John L Errington MSc

John Errington's Experiments with an Arduino

Logging power from a solar panel installation

L&G E110 meter

My domestic solar panel installation (nominally 4kW) uses a Landis & Gyr E110 meter like this to record the output from the panels. The meter provides an optical pulse output that gives 1 pulse of visible light for every watt of power generated.

I wanted to keep a record on file of the daily power generation and max power generated; and also to display the current values on a webpage.

A link to the sketch is provided below.

 

The ESP32 devkit was chosen for this application because it can:

  • provide serial output during testing
  • maintain a wifi connection* to maintain ntp time, and
  • pass webpage updates via server sent events
  • store and retrieve data to file via SPIFFS
  • provide an FTP service to let me download the monthly data files.

The wifi connection is established and maintained using wifi events as described in this article

https://techtutorialsx.com/2019/08/11/esp32-arduino-getting-started-with-wifi-events/

 

The circuit of the solar power generation logger

Circuit diagram

The electrical circuit is very simple. The ESP32 is powered by a USB adaptor, and supplies the external circuit.

Two LEDs are provided -

Blue to show that the wifi connection is live, and

An Amber LED that just flashes in synch with the pulses from the electricity meter.

When the light is OFF the diode is not conducting, so the transistor is turned off, and pin 13 (configured as INPUT_PULLUP) is HIGH.

When the light is ON the photodiode allows current to flow from the 3V3 supply to the base of the transistor (almost any npn transistor will do).

The transistor turns on, pulling pin 13 LOW.

The 47k resistor protects the transistor when the plug (PHONEP) is removed for installation.

 

( Schematic produced with TinyCAD )

 

The web page display

solar logger web display

Pulses are counted over a 6 minute period (int pCount).

If the system receives 176 pulses in 6 minutes then in 1 hour it would have counted 1760 pulses corresponding to 1760 watts of power. pCount is multiplied by ten to give the current watts (cWatts) (Counting) as shown here.

At the end of a 6 min period it's passed to pWatts (Now) and the maximum recorded value mWatts (Maximum) in a 6 min period is updated.

pCount is also added to the "Today" value dTotalKwh which keeps a record of total kWh so far during that day.

At the end of the day dTotalkWh is passed to yTotalkWh "Yesterday" and dTotalkWh is reset to zero.

 

This display allows us to see the Solar Panel installation is working correctly.

 

 

The program

Setup

Following a reset the system: configures the I/O; establishes a wifi conection with my router; starts the SPIFFS and FTP; gets the local time to open files for month and day data; starts an asynchronous web server to show data on a web page; and finally configures pin 13 to generate an interrupt on a RISING edge ( ie when the light pulse goes OFF).

Loop

The main program runs as a simple State Machine (SM), with ten states. Each state concludes by setting to the following state - so its just a sequence. A timer initiates the SM every 100msec so a complete loop takes 1 second.

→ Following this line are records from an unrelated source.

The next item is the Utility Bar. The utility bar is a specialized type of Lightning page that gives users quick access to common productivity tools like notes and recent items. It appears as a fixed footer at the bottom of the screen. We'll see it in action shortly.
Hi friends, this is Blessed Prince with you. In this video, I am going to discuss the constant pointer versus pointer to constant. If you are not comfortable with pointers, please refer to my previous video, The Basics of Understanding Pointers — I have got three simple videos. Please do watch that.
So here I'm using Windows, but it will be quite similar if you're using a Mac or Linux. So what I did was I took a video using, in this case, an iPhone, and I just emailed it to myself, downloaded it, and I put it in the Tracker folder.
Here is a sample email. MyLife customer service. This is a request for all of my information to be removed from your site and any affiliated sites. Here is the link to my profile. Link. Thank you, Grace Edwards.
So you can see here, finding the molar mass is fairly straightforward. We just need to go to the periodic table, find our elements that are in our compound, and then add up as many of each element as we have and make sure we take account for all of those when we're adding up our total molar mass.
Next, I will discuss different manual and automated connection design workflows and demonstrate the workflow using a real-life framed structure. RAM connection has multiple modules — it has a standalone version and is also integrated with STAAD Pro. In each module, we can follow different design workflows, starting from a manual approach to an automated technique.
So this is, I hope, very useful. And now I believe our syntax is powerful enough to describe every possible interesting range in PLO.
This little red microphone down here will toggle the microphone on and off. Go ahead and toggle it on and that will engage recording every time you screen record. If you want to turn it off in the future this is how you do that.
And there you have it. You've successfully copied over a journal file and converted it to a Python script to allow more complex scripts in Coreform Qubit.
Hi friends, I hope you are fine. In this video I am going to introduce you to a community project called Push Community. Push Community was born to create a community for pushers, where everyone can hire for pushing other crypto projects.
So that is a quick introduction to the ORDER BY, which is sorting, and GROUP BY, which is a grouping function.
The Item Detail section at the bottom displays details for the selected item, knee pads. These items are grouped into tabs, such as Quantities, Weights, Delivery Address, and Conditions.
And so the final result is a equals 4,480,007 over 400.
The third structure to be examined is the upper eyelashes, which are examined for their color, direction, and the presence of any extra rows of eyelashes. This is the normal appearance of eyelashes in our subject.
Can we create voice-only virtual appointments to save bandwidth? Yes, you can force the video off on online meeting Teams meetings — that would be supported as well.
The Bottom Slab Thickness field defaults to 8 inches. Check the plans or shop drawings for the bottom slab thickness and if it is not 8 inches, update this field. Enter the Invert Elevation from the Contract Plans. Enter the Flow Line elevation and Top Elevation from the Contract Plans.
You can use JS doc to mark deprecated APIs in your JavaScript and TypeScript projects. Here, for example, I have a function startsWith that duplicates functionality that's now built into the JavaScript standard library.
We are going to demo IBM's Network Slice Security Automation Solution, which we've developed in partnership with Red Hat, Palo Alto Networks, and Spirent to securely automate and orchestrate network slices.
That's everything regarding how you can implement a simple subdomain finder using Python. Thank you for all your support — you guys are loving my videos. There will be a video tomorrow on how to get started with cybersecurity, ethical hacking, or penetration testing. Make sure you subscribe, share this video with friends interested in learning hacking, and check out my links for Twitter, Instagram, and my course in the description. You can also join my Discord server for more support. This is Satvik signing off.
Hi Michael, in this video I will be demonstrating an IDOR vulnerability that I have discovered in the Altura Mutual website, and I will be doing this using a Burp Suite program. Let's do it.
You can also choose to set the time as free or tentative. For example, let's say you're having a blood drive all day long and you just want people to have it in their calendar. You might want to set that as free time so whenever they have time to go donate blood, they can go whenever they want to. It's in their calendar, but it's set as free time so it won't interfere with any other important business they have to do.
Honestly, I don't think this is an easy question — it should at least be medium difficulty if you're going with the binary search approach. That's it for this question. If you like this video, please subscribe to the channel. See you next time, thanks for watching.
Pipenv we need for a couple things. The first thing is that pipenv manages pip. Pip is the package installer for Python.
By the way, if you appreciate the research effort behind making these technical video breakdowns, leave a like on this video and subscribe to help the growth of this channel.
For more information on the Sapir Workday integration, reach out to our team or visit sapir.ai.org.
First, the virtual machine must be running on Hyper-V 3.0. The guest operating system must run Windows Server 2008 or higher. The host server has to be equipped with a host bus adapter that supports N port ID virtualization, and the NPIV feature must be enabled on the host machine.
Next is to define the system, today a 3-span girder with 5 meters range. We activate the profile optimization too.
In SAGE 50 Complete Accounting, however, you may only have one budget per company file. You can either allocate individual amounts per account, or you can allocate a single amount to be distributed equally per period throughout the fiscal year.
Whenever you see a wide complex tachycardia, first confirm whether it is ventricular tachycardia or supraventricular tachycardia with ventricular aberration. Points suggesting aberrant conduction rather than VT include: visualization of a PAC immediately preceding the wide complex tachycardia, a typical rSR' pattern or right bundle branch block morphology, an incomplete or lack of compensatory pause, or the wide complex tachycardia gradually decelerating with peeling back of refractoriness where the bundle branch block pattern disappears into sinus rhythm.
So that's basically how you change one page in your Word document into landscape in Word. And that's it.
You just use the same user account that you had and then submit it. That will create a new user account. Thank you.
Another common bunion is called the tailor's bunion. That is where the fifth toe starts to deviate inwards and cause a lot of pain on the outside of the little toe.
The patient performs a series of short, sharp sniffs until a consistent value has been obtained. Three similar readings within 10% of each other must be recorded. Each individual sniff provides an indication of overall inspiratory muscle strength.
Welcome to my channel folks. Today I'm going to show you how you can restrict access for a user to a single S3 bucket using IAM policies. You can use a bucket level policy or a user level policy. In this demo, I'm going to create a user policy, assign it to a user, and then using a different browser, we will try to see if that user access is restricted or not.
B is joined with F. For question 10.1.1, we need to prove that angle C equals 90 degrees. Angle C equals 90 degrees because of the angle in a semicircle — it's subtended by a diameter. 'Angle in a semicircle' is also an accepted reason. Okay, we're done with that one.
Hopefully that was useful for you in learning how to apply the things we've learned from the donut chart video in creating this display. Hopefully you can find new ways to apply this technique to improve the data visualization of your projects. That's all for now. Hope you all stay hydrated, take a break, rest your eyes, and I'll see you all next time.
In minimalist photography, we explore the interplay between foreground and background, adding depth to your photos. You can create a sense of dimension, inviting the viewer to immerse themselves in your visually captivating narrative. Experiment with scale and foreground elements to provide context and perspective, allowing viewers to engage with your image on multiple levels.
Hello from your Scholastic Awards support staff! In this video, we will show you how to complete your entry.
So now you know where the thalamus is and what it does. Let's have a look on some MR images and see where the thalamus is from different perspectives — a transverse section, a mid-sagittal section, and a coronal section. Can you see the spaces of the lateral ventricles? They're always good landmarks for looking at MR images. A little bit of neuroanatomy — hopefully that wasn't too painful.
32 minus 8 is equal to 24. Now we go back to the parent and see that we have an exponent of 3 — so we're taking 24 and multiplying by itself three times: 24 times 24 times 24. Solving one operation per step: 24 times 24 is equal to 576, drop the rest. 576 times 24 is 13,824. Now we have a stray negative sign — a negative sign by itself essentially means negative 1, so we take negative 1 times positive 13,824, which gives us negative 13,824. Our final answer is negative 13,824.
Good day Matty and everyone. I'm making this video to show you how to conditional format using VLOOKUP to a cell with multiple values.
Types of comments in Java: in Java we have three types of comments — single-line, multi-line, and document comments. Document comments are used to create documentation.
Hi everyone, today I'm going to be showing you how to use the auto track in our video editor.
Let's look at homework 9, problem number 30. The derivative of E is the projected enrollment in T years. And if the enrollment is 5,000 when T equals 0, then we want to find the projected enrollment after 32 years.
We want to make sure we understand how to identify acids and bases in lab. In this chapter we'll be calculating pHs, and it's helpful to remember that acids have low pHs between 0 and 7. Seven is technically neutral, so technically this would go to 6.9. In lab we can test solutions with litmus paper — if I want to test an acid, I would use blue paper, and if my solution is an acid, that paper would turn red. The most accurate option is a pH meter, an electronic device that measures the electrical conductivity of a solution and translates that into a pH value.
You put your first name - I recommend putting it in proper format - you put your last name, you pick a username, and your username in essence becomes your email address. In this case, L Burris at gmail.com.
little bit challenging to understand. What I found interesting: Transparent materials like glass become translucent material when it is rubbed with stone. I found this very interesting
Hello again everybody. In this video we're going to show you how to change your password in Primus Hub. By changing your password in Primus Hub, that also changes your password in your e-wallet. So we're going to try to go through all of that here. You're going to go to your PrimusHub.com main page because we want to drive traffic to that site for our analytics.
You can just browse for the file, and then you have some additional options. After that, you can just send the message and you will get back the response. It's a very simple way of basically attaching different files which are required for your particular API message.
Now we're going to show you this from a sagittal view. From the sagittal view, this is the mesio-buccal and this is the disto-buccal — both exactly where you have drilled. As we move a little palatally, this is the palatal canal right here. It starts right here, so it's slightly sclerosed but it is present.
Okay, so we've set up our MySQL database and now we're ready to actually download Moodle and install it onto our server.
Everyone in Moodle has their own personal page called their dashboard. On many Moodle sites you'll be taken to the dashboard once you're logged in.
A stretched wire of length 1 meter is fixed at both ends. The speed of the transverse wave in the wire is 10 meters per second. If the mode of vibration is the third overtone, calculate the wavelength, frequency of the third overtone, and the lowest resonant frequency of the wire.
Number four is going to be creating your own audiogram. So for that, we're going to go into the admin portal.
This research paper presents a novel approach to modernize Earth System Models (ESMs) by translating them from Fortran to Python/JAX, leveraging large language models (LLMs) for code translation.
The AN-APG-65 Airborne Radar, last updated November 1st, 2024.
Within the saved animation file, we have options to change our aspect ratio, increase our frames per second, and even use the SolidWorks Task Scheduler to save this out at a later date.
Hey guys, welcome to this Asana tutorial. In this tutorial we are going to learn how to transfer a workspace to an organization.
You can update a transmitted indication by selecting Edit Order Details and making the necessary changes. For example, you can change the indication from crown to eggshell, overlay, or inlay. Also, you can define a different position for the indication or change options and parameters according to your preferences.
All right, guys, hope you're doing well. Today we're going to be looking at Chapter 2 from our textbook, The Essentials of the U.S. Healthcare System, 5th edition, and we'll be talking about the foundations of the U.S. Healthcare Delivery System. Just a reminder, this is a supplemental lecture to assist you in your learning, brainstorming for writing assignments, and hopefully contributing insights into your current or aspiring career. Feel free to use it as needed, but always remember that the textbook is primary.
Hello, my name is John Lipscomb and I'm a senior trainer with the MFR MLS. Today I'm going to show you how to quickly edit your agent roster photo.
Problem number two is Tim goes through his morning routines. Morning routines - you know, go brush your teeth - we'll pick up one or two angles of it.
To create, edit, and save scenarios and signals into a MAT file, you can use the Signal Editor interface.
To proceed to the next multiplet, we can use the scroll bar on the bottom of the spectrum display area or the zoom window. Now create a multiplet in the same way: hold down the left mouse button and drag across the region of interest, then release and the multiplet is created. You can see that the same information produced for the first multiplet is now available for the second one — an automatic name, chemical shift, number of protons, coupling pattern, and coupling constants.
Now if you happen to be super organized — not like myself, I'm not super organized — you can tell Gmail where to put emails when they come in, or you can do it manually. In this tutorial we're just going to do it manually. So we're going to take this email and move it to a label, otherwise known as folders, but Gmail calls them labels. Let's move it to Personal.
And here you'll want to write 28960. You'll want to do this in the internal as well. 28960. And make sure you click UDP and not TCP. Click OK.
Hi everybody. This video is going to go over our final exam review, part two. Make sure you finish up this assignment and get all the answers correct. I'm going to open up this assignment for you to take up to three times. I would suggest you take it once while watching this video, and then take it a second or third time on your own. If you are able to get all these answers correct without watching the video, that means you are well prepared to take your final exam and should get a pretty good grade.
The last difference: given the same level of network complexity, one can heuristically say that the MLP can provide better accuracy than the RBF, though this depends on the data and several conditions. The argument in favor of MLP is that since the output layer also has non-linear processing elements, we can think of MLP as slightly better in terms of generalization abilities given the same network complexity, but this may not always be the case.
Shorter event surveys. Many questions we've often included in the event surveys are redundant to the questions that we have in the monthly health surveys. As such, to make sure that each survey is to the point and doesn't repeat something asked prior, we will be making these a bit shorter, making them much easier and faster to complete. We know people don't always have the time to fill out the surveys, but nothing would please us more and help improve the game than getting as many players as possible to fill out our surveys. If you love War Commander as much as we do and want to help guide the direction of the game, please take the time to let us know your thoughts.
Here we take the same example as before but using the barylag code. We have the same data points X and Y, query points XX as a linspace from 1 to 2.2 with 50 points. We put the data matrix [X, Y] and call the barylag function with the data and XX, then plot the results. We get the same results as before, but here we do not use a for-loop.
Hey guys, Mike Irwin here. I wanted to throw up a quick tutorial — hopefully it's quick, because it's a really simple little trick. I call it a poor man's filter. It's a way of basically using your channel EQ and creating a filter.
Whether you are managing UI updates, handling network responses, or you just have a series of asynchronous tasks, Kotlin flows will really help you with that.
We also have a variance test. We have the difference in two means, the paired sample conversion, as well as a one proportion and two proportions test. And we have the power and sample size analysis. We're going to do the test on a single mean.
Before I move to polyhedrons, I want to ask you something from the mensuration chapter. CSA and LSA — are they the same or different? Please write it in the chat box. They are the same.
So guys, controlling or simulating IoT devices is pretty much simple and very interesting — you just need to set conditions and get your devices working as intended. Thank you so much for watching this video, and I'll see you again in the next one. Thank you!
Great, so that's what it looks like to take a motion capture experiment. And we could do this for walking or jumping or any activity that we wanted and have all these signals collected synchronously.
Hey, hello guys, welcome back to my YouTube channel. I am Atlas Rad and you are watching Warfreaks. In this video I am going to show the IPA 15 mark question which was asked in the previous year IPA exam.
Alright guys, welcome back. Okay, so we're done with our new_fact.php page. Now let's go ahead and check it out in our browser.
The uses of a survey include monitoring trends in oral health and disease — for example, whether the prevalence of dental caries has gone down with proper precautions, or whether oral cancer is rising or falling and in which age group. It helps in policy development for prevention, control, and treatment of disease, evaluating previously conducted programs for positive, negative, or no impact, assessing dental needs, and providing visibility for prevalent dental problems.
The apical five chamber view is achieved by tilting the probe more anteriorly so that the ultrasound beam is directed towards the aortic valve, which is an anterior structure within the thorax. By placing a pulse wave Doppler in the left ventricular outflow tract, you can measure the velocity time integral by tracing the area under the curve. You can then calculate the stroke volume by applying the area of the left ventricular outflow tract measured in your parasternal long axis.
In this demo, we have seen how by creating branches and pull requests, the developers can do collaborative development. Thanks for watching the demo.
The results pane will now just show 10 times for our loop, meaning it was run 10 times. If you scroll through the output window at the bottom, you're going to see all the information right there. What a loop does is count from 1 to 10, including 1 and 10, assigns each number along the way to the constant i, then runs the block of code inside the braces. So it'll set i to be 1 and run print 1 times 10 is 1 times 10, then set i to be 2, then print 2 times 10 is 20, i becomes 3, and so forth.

Every loop - reflect input pulse state to Amber LED, and handle FTP();

State 0: update the time

State 1: handle the day and month data

  1. checkPeriod(); if 6 minutes has elapsed, update the web display and day data file
  2. newDay(); if its a new day save day data to monthly data file
  3. newMonth(); if its a new month create a new file named /YYYY_MM.csv

State 2: ping the web server

State 3: update the web page display of the date and time via a server sent event

State 4: to State 8: all follow this same pattern

  • if 6 minutes has elapsed (equal to 6 times around the loop)
  • update ONE element on the web page - eg current watts
  • proceed to next state

State 9: just included to make ten states in all; return to State zero.

Why use a state machine?

The Asynch Web Server crashed if events were sent too frequently. In this loop each is sent with a delay of 100msec which allows the buffer to clear before the next is sent. Actually, on test and with a good wifi connection it can cope with a much shorter interval.

The state machine allowed this to be handled in a very clear way, and also gave better service for FTP transfer.

 

The finished unit

The unit shown here fits into a small plastic box, with holes for 2 * 3mm LEDs, the 3.5mm jack socket that connects the sensor, and a cut-out for the USB connector.

Power is normally provided from a "wall wart" USB adaptor, but because data is stored on files the unit can be removed for testing, and connected to a laptop to use a serial monitor without significant loss of data.

Also the system is resilient to temporary power loss.